START Data provided

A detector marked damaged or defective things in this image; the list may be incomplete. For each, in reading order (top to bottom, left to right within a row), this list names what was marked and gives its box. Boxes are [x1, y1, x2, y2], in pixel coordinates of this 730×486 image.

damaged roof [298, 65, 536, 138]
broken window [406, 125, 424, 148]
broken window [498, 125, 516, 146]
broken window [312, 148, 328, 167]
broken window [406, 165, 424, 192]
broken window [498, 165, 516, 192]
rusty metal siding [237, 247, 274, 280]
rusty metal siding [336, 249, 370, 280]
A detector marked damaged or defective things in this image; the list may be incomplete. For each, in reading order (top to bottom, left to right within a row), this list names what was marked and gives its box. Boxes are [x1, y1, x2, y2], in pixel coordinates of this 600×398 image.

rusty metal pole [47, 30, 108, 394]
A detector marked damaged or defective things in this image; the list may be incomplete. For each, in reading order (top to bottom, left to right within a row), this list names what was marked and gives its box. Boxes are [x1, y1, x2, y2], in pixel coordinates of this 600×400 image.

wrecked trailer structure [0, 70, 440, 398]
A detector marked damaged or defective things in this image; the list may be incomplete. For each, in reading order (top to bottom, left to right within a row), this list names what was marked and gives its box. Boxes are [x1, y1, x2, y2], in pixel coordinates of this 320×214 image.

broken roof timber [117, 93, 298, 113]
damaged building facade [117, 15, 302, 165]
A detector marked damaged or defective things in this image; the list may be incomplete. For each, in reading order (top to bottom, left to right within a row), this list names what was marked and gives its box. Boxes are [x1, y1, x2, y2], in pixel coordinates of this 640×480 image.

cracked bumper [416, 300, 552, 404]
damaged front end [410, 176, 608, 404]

END Data provided

**Work task**
Please transcribe exactly the line containing "this 640×480 image." and every line after it to the end of the data, and no other lines.

**Output**
A detector marked damaged or defective things in this image; the list may be incomplete. For each, in reading order (top to bottom, left to right within a row), this list names what was marked and gives its box. Boxes are [x1, y1, x2, y2], in pixel coordinates of this 640×480 image.

cracked bumper [416, 300, 552, 404]
damaged front end [410, 176, 608, 404]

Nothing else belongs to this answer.